Leadership in Context Episode 46 Show Notes
Decision Making, pt3
Leadership in Context with Keith Tucci
As a leader, it is necessary to understand the critical nature of decision making. Decision makers are not people marked by certain personality types. Decision making is about character.
In Matthew 25, Jesus gives one man 5 talents, one man 2 talents, and one man 1 talent. The man with 5 talents invested them and got a 100% return. The man with 2 talents got a 100% return. It is interesting that the Lord doesn’t make any excuse or apology for someone getting 2 talents or 1 talent and another getting 5. The issue isn’t on how many talents we have; the issue is what we do with them. Then Jesus came to the third man…
And the one also who had received the one talent came up and said, ‘Master, I knew you to be a hard man, reaping where you did not sow and gathering where you scattered no seed.’
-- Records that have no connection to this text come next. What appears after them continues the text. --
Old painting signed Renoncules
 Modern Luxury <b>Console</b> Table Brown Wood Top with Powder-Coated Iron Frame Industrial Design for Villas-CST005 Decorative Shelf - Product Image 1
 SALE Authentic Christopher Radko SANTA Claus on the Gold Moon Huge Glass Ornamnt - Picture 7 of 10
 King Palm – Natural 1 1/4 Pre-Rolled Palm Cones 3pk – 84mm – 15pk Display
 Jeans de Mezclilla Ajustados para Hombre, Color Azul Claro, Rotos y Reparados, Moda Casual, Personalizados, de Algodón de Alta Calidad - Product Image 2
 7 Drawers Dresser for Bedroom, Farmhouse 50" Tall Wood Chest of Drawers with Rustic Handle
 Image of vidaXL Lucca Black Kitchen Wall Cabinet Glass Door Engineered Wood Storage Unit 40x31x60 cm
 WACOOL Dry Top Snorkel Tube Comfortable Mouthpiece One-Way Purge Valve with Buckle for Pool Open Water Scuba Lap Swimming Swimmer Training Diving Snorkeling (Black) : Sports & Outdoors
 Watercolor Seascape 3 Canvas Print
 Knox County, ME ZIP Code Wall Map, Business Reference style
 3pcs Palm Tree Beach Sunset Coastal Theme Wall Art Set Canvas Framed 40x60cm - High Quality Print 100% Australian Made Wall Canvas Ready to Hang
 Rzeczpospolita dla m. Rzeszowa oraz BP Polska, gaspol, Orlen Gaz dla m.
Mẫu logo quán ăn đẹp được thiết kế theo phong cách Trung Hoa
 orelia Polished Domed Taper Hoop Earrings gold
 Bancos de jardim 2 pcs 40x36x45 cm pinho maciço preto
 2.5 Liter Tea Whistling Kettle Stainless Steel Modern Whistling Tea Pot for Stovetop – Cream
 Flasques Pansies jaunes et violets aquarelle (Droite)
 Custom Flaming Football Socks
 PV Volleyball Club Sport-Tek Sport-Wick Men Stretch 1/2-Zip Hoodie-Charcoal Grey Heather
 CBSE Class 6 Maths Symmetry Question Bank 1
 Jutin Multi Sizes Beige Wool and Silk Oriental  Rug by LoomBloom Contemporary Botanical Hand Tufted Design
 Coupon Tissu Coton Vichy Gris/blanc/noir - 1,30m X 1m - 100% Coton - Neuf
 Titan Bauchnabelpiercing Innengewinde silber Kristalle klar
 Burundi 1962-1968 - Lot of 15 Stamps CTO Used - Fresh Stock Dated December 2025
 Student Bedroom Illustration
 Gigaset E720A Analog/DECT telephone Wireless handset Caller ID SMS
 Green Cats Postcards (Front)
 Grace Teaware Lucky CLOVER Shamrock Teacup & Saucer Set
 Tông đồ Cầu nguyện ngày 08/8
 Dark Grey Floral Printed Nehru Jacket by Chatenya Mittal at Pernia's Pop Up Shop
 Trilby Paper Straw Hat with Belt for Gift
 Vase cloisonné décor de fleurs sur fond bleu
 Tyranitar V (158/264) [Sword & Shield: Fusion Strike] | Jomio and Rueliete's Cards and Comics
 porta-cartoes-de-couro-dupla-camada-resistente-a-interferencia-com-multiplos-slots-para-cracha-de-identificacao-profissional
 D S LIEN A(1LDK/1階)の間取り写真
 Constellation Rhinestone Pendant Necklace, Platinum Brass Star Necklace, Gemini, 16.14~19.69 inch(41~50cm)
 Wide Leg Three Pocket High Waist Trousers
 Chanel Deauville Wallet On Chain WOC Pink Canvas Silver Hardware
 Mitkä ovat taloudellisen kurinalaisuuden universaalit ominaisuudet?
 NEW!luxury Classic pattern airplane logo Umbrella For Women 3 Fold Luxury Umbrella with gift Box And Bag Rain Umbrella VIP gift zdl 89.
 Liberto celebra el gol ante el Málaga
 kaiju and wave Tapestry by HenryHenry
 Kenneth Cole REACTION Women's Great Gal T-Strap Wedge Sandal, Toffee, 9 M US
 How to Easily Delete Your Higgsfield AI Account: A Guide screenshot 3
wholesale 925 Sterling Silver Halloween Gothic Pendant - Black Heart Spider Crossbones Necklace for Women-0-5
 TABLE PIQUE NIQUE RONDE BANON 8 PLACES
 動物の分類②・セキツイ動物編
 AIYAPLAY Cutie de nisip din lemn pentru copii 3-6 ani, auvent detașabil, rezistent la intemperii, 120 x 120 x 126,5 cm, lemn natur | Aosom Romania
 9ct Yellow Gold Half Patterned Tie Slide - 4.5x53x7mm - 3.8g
The third man’s excuse for burying his talent in the ground is that he was afraid of the Master. This is the wrong perception of the Lord. If you have the perception that God is hard, that He is looking to catch you in a mistake, that God is not redemptive, you will be paralyzed. Jesus is a redeemer looking for a place to happen. In this story, it isn’t about woeful sin; it is about poor stewardship of a gift or talent that has been given.
Here are a few things to remember when making decisions:
God is a Redeemer
You should not be afraid when making a decision. When you make a decision, you are making an investment; you are stewarding the time, talent, and treasure that has been entrusted to you.
No Obligation to be Right
If you interview people you admire as great leaders, you might find that they have been wrong many times. You do not have to be right all the time. Acts is full of examples of Paul making decisions, many of which probably were not the right decisions. You will be wrong some of the time. We need to take Jesus very seriously, but ourselves not so much.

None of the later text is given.